Now, tragically, Mr. Nesin has been involved in a violent confrontation with the fundamentalists in Sivas, Turkey. The news reports say he is alive.
*21
But many, many people are dead. And the newspaper reports call this a “Rushdie riot.” It is hard to express how I feel today.

However, we must not fail to lay the blame for these horrible killings where it truly belongs. Murder is murder, and the guilt for the crime must be laid at the feet of the criminals. And the criminals are, of course, the religious zealots who hounded a meeting of secularist writers, who set fire to their hotel and then prevented the rescue services from reaching the scene. I am utterly appalled by these God-driven mobs and by their wild lust for the blood of unbelievers, and I send my grief, my sympathy, and my outraged support to the families of the dead; to all those who fight against religious bigots; yes, also to Mr. Aziz Nesin.

Will any good come out of this tragedy? Will the world’s leaders, now assembling for the G7 meeting in Japan, assume the moral responsibility of saying, enough is enough, terrorism cannot be supported, and countries that promote it, that train and arm and finance the killers, that point fingers across the world and demand the heads of innocent men, will suffer for their misdeeds? Will the much-spoken-of New World Order be a triumph of cynicism, of business-as-usualism, of naked greed and raw power? Or might we, at last, start to draw the lines of a more humane society and inform terrorist states that their immoral acts will have political and economic consequences? I hope that every journalist arriving in Tokyo will ask the G7 politicians to condemn the fanatical murderers of Sivas, and their “spiritual” leaders and paymasters too. These are not only the enemies of secularists and Westerners; they are also the real enemies of Islam.

[
This article appeared in
The New York Times
in July 1993 under the title “The Struggle for the Soul of Islam”
]

The following news stories are all taken from the first half of 1993.

In Pakistan, an elderly poet, Akhtar Hameed Khan, seventy-eight, is quoted as saying that while he admires Muhammad, his real inspiration has been Buddha. He denies saying this but is nevertheless accused by mullahs of blasphemy. In 1992, he had been arrested for insulting the Prophet’s descendants by writing a poem about animals that the fundamentalists alleged had hidden, allegorical meanings. He managed to beat that charge, but now, once again, his life is in danger.

In Sharjah, one of the United Arab Emirates, an Indian theater group who in 1992 performed a play entitled
Corpse-Eating Ants,
which was held to be blasphemous, and who had been sentenced to six-year jail sentences for blasphemy, appeal against the sentence. Some members of the group are freed, but one has his sentence increased to ten years, and another has his six-year term upheld by the appeals court.

In Istanbul, one of the country’s most respected secularist journalists, Ugur Mumçu, is gunned down in the street. Turkish fundamentalists take credit for the attack, and the Turkish government says it has evidence linking the murderers to Iran.
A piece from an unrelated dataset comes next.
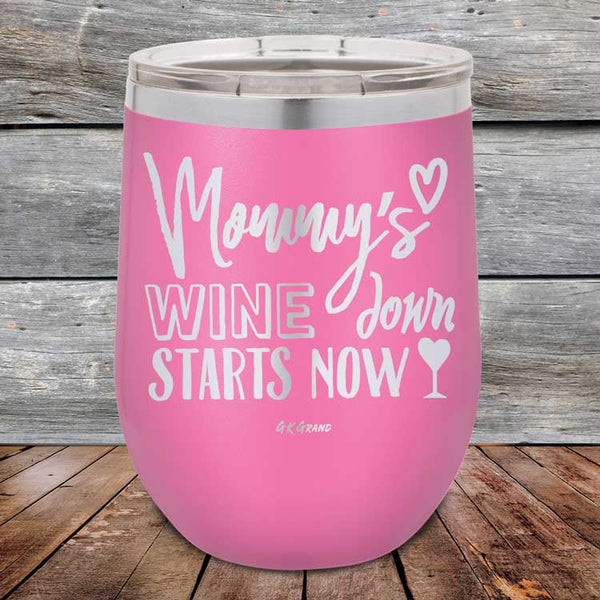 Mommy's Wine Down Starts Now - Powder Coated Etched Tumbler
The interior minister, Ismet Sezgin, says that at least three killings have been carried out by a group called Islamic Movement, whose members have been trained in assassination techniques “at an official Iranian facility between Tehran and Qom.”

In Egypt, the assassins who in 1992 murdered the distinguished secular thinker Farag Fouda are currently being tried; however, extremist bombings and killings continue.
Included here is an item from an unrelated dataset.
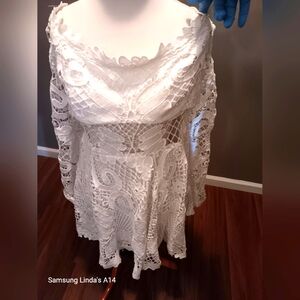 Elegant White Lace Dress High Low Midi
In Algeria, the writer Tahar Djaout is one of six secularists murdered in a killing spree by what the security forces call “Muslim terrorists.”
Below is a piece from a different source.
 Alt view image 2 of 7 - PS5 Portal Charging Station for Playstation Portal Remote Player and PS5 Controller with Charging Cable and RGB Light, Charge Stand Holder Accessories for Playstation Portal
In Saudi Arabia, a number of distinguished intellectuals forms the country’s first human-rights group. Within days, many of them are fired from their posts, including university professorships; many of them are arrested and jailed. Trials are pending.

In Egypt, Professor Nasr Abu-Zeid, who teaches literature at Cairo University, is charged with apostasy because of his criticisms of the Islamists. Fundamentalists ask the courts to dissolve his marriage, since it is illegal for a Muslim to be married to an apostate. The alternative would be for his wife to be stoned to death as an adulteress.